[Short web captions]
<<<<
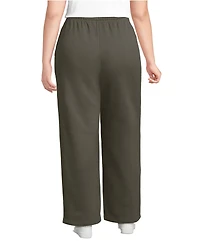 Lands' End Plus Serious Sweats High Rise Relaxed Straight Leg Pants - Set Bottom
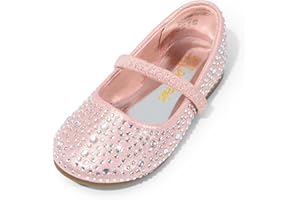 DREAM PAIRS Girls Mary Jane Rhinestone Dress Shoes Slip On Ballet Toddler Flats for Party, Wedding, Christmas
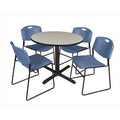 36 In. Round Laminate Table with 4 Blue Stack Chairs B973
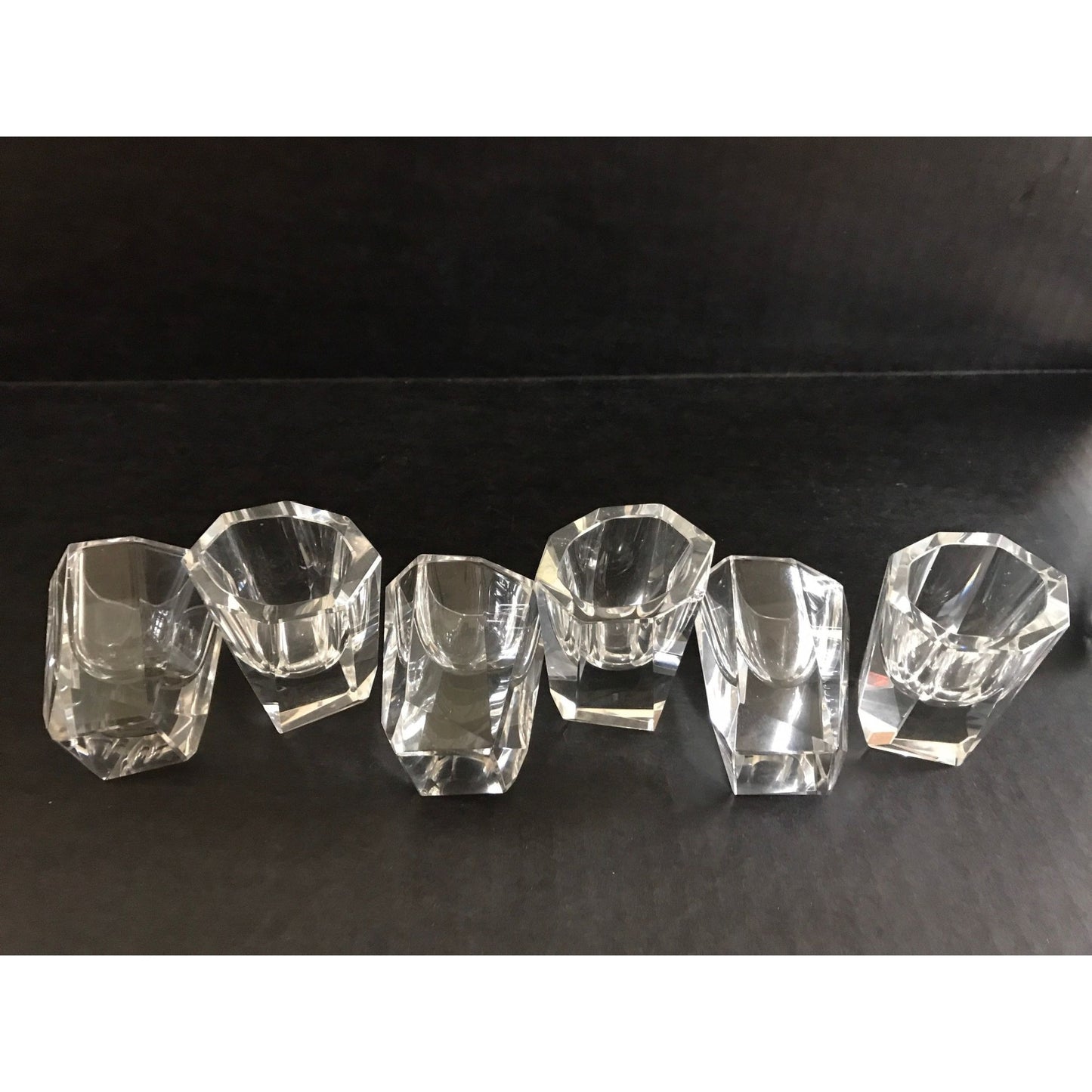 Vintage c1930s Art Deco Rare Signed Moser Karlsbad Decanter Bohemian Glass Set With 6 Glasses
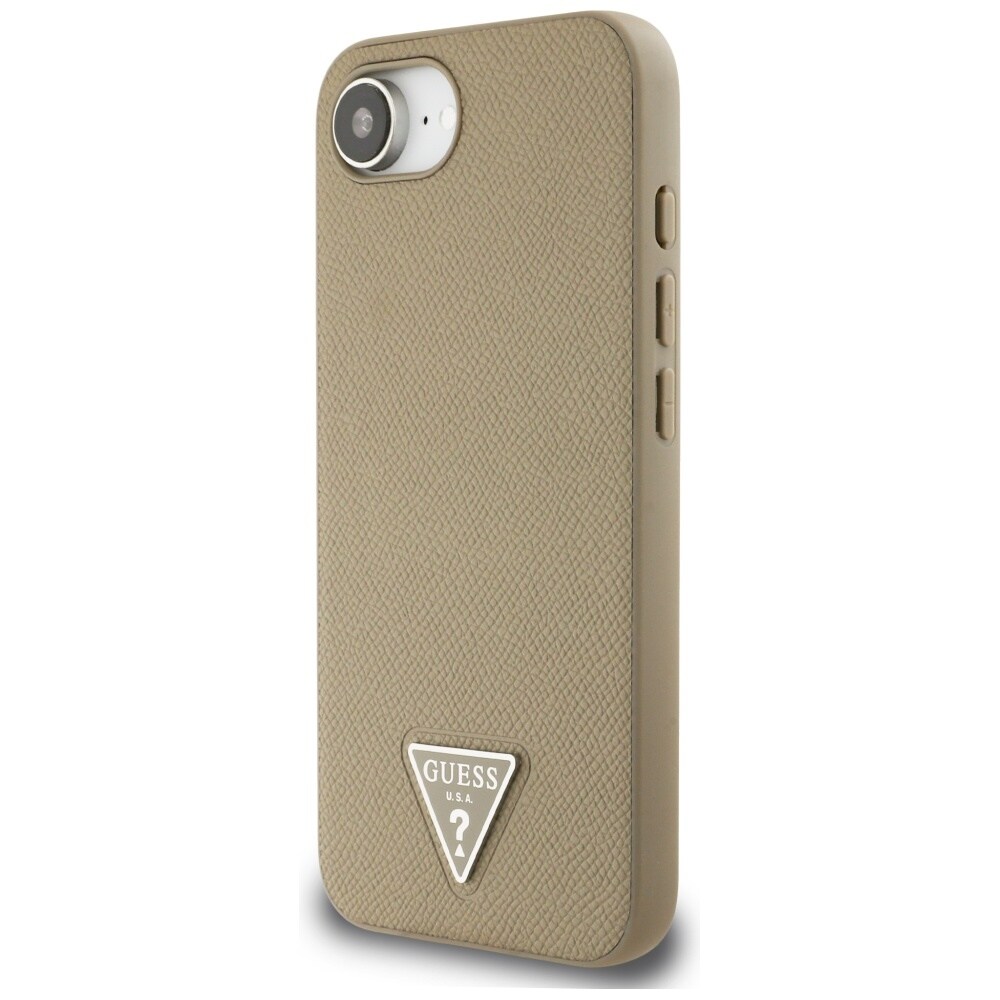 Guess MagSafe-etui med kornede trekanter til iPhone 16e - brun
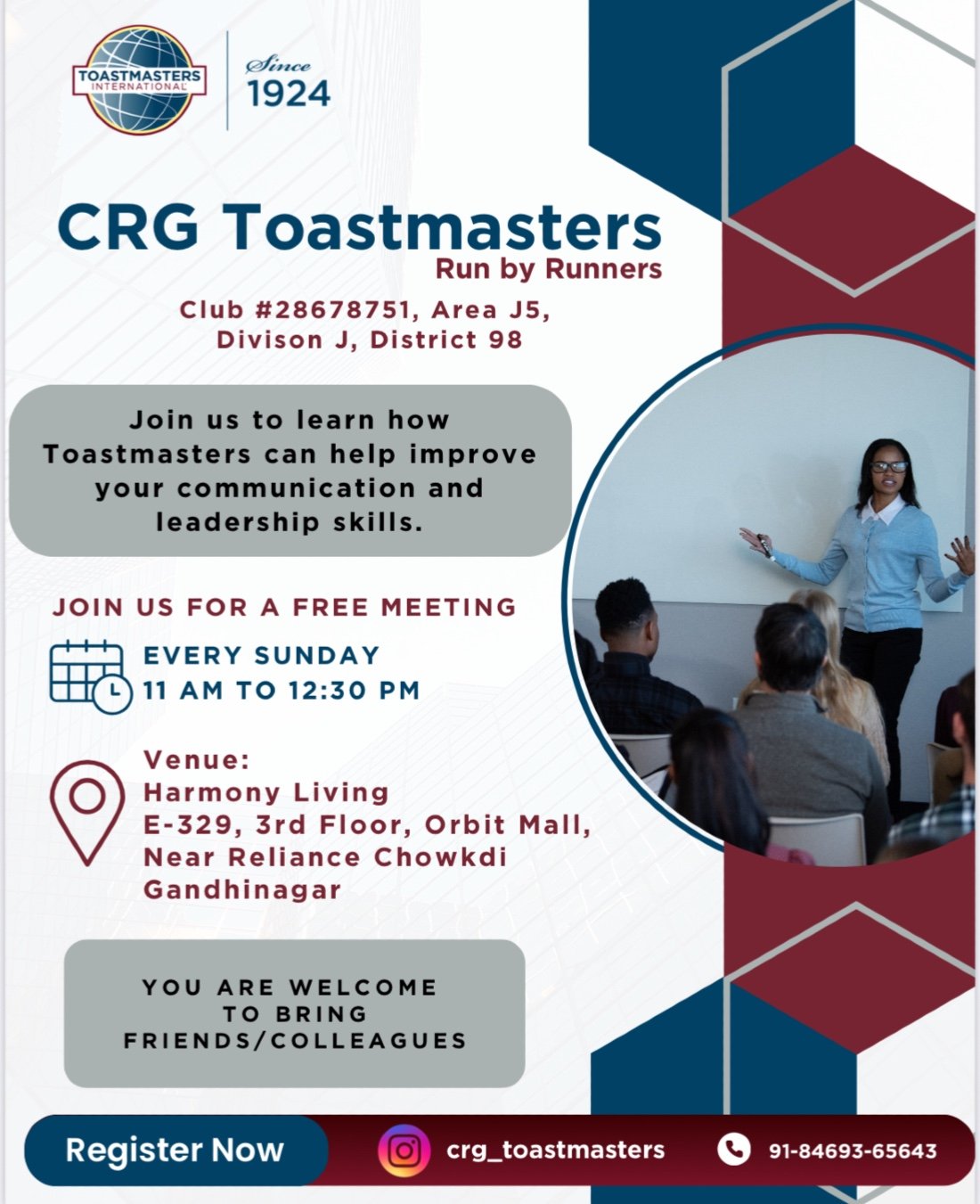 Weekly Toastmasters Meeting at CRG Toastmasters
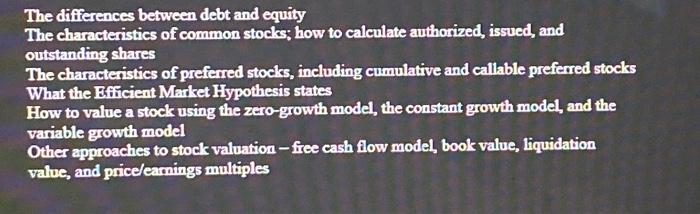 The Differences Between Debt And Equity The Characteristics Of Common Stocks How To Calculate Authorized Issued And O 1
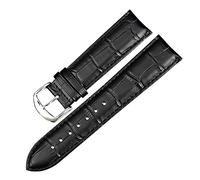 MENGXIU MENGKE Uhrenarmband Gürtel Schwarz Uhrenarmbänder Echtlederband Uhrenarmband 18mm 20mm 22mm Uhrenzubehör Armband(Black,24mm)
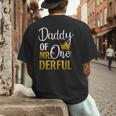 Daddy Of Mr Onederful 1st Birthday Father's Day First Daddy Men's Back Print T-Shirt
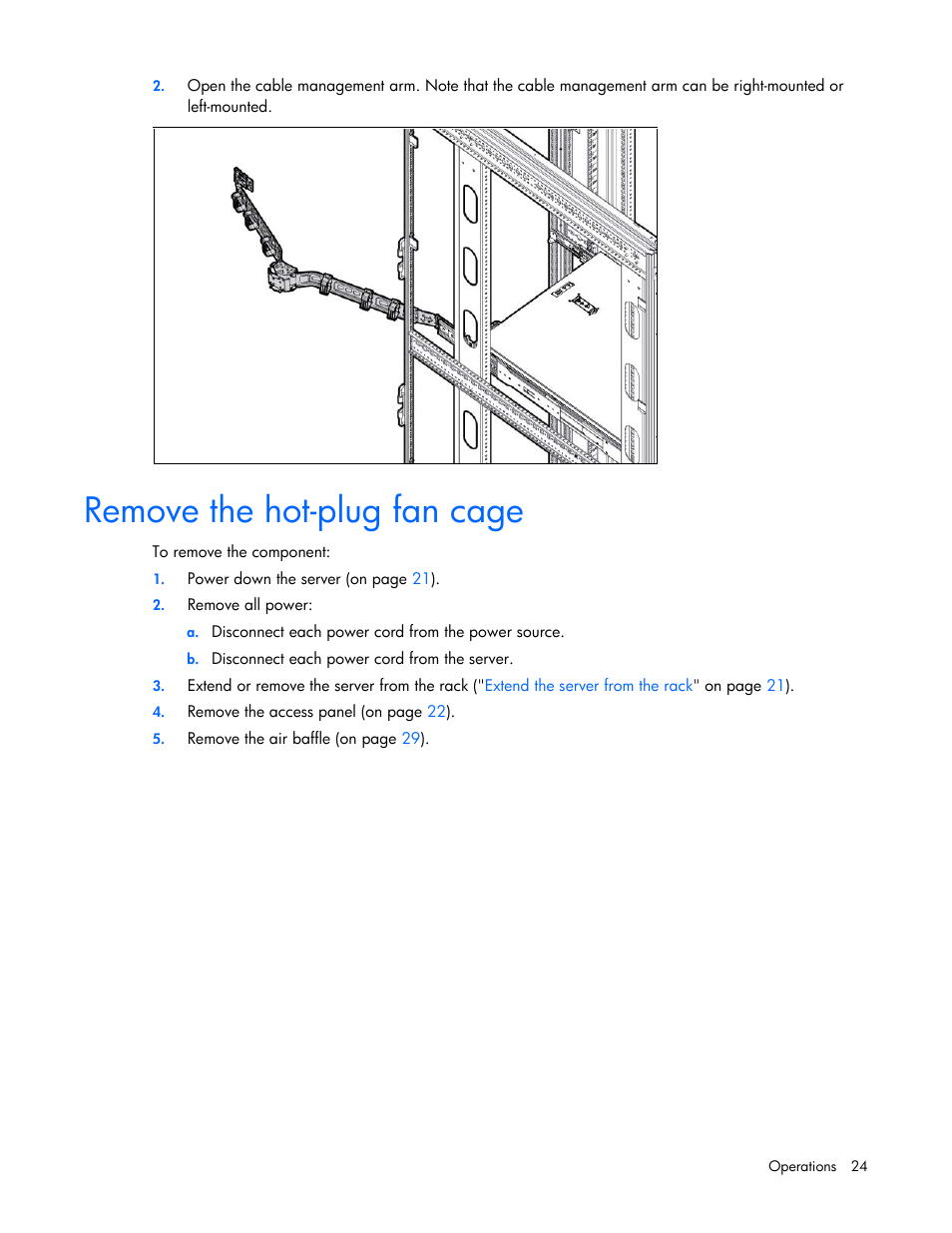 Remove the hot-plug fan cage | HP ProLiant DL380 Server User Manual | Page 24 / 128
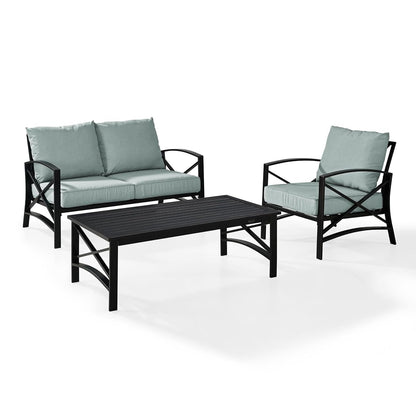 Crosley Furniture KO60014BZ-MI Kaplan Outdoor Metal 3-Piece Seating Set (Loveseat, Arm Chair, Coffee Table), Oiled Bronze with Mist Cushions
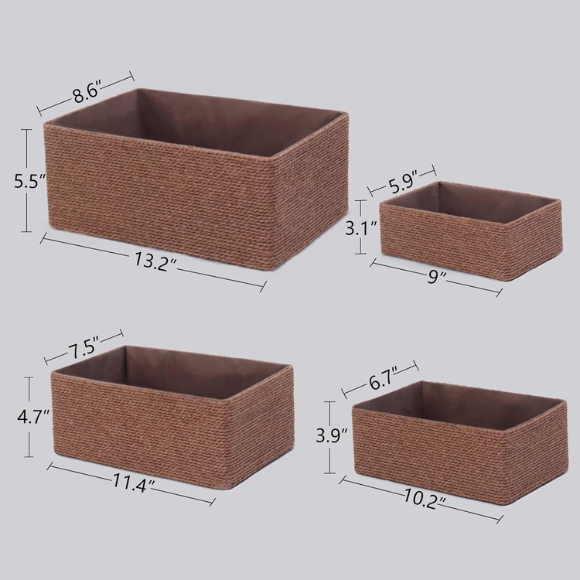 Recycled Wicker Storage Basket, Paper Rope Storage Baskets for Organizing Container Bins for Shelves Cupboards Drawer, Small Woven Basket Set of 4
>>>>
* _Problem details_
Repeat the entries above exactly and skip the images.

* _Written response_
 Lands' End Plus Serious Sweats High Rise Relaxed Straight Leg Pants - Set Bottom
 DREAM PAIRS Girls Mary Jane Rhinestone Dress Shoes Slip On Ballet Toddler Flats for Party, Wedding, Christmas
 36 In. Round Laminate Table with 4 Blue Stack Chairs B973
 Vintage c1930s Art Deco Rare Signed Moser Karlsbad Decanter Bohemian Glass Set With 6 Glasses
 Guess MagSafe-etui med kornede trekanter til iPhone 16e - brun
 Weekly Toastmasters Meeting at CRG Toastmasters
 The Differences Between Debt And Equity The Characteristics Of Common Stocks How To Calculate Authorized Issued And O 1
 MENGXIU MENGKE Uhrenarmband Gürtel Schwarz Uhrenarmbänder Echtlederband Uhrenarmband 18mm 20mm 22mm Uhrenzubehör Armband(Black,24mm)
 Daddy Of Mr Onederful 1st Birthday Father's Day First Daddy Men's Back Print T-Shirt
 Remove the hot-plug fan cage | HP ProLiant DL380 Server User Manual | Page 24 / 128
 Crosley Furniture KO60014BZ-MI Kaplan Outdoor Metal 3-Piece Seating Set (Loveseat, Arm Chair, Coffee Table), Oiled Bronze with Mist Cushions
 Recycled Wicker Storage Basket, Paper Rope Storage Baskets for Organizing Container Bins for Shelves Cupboards Drawer, Small Woven Basket Set of 4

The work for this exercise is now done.